There is, though, one big problem with her claim to the throne: As described in Fire & Blood, the great council that picked Viserys as king established "in the eyes of many" a precedent that "regardless of seniority, the Iron Throne of Westeros could not pass to a woman." According to this precedent, if the king has no first-born son, his brother comes before his daughter in the line of succession. Indeed, Rhaenyra is told in the trailer that "a woman would not inherit the Iron Throne because that is the order of things."
Fire & Blood describes Daemon, who sees himself as Viserys' rightful heir, as "ambitious, impetuous, moody," and "as charming as he was hot-tempered," while Rhaenyra is described as "cherished and adored by all" when she was a child. She even earns the nickname of "the Realm's Delight." Milly Alcock, who plays young Rhaenyra, in an interview with Entertainment Weekly, compared her to Arya Stark. "There is that rebellious and cheeky spirit that they both possess, which I think is why people are going to adore her," Alcock said.
Who are the other characters?
The cast also includes Rhys Ifans as Ser Otto Hightower, the Hand of the King, and Fire & Blood describes how Otto strongly dislikes Prince Daemon and feels Rhaenyra should sit on the Iron Throne instead. "Time and time again," the book says, "[Viserys] strove to make peace between Prince Daemon and Ser Otto."
Olivia Cooke plays Otto's daughter, Alicent Hightower. She was best friends with Rhaenyra since they were children, but eventually marries Rhaenyra's father, King Viserys. Then there's Steve Toussaint playing Lord Corlys Velaryon, a rich "nautical adventurer" known as the Sea Snake. His family, the Velaryons, have long been the "oldest and closest allies of the Targaryans," Fire & Blood notes.
Eve Best plays Corlys Velaryon's wife, Princess Rhaenys Targaryen. She's a dragonrider who's nicknamed "The Queen Who Never Was" because she was passed over for the throne when Viserys was chosen to be King Jaehaerys' heir during that big Harrenhal council. "The realm favored her cousin, Viserys, simply for being male," HBO's character description notes.

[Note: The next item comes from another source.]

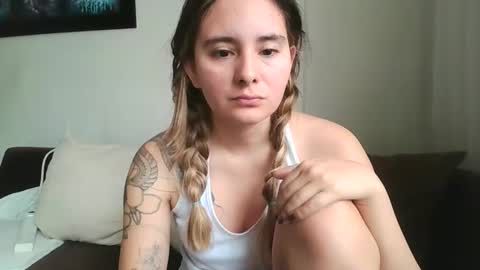 Snapshot of gabriela_miller_2 chatting on 06.04.26 Gabriela Miller online show from 06.04.26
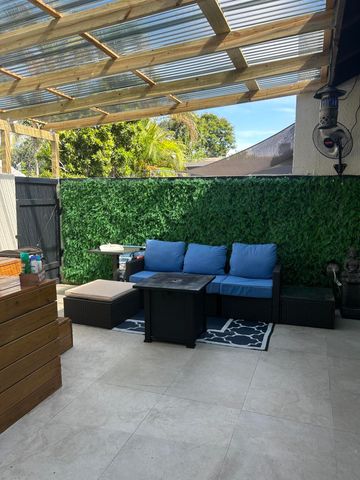 1390 E GOLFVIEW Drive, Pembroke Pines, FL 33026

There's also Tom Glynn-Carney as Aegon Targaryen, who will become a crucial player in the Dance of the Dragons as the show progresses, though the reason why is a bit of a spoiler.
Unlike Game of Thrones, House of the Dragon will jump forward many years during the course of the series. According to The Hollywood Reporter, a 10-year time jump occurs midway through the first season, at which point Olivia Cooke and Emma D'Arcy take over the roles of Alicent and Rhaenyra from younger actresses. Because this is a period when dragons were plentiful, the show will also feature a whopping 17 of them.
Who are the writers and producers?
Game of Thrones creators David Benioff and D. B. Weiss have no involvement in this series. Instead, House of the Dragon was co-created by Ryan J. Condal and author George R. R. Martin himself. Miguel Sapochnik, who directed some of Thrones' most acclaimed episodes like "Battle of the Bastards," serves as producer, and Ramin Djawadi, who composed the original series' iconic theme, is back writing the music.
When does it premiere?
House of the Dragon premieres Aug. 21 on HBO, and the first season's 10 episodes will air weekly. If it's a hit, it should be followed by multiple additional Thrones spinoffs, one of which is expected to be a sequel about Jon Snow.
The plan is for House of the Dragon's main civil war storyline to last only "three or four seasons," though the show could potentially continue after that by telling more stories from Targaryen history, according to The Hollywood Reporter. But let's not get ahead of ourselves: For now, a second season of House of the Dragon hasn't officially been ordered.